**Your instructions**
Using the material below, set down only the line containing "May include: A pink" and the lines after it, unchanged.

**Material provided**
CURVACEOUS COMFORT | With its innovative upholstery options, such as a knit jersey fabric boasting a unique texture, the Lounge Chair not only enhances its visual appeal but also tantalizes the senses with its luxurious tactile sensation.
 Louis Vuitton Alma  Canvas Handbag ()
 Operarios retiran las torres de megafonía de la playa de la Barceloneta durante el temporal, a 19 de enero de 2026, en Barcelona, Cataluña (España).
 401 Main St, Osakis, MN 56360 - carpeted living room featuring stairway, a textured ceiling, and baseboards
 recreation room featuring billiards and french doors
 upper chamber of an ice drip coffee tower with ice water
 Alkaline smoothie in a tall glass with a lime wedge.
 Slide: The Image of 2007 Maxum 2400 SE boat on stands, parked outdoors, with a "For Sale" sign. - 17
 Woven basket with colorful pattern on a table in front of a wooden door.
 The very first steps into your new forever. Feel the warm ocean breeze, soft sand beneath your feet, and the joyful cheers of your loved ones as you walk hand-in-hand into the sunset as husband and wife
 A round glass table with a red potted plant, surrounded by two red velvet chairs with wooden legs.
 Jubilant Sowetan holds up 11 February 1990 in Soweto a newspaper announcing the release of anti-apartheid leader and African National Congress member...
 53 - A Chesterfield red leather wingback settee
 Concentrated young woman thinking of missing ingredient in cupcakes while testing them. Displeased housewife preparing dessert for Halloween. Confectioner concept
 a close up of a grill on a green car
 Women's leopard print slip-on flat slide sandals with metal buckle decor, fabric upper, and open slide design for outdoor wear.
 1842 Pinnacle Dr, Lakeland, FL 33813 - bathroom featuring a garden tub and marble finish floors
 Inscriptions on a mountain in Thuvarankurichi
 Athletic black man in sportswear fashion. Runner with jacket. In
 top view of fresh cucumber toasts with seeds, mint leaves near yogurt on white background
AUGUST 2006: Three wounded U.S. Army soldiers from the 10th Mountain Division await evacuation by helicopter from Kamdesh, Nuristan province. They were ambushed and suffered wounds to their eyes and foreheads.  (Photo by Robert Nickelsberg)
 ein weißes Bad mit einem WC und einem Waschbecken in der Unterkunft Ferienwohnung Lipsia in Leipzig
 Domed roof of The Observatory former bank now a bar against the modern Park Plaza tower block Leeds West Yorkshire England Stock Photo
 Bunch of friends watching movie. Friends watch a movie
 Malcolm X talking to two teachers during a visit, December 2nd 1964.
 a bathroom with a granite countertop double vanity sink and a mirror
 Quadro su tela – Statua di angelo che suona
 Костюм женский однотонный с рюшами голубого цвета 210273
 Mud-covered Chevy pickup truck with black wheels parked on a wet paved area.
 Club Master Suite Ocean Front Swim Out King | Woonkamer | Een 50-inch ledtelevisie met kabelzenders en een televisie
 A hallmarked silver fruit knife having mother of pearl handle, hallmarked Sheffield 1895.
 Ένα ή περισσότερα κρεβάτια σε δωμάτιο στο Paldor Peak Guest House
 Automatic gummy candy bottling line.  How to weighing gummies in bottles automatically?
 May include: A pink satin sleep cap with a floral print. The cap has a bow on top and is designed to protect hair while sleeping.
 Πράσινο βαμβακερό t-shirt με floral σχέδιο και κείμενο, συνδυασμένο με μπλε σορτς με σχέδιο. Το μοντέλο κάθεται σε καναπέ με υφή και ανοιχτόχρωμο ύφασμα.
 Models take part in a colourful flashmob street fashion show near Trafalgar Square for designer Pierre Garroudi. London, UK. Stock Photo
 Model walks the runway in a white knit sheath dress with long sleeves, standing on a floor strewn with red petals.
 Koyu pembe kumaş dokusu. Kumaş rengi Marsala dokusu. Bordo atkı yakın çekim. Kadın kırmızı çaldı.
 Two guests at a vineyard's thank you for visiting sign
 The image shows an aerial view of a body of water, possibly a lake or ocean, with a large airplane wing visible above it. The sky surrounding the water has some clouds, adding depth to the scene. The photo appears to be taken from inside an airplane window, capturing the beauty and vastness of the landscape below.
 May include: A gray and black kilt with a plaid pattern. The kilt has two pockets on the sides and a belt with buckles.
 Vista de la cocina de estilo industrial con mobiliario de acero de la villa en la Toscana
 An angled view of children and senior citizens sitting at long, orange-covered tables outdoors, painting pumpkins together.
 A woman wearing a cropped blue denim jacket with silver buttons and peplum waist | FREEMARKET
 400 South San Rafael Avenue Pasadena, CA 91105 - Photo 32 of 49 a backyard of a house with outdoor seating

**Completed task**
 May include: A pink satin sleep cap with a floral print. The cap has a bow on top and is designed to protect hair while sleeping.
 Πράσινο βαμβακερό t-shirt με floral σχέδιο και κείμενο, συνδυασμένο με μπλε σορτς με σχέδιο. Το μοντέλο κάθεται σε καναπέ με υφή και ανοιχτόχρωμο ύφασμα.
 Models take part in a colourful flashmob street fashion show near Trafalgar Square for designer Pierre Garroudi. London, UK. Stock Photo
 Model walks the runway in a white knit sheath dress with long sleeves, standing on a floor strewn with red petals.
 Koyu pembe kumaş dokusu. Kumaş rengi Marsala dokusu. Bordo atkı yakın çekim. Kadın kırmızı çaldı.
 Two guests at a vineyard's thank you for visiting sign
 The image shows an aerial view of a body of water, possibly a lake or ocean, with a large airplane wing visible above it. The sky surrounding the water has some clouds, adding depth to the scene. The photo appears to be taken from inside an airplane window, capturing the beauty and vastness of the landscape below.
 May include: A gray and black kilt with a plaid pattern. The kilt has two pockets on the sides and a belt with buckles.
 Vista de la cocina de estilo industrial con mobiliario de acero de la villa en la Toscana
 An angled view of children and senior citizens sitting at long, orange-covered tables outdoors, painting pumpkins together.
 A woman wearing a cropped blue denim jacket with silver buttons and peplum waist | FREEMARKET
 400 South San Rafael Avenue Pasadena, CA 91105 - Photo 32 of 49 a backyard of a house with outdoor seating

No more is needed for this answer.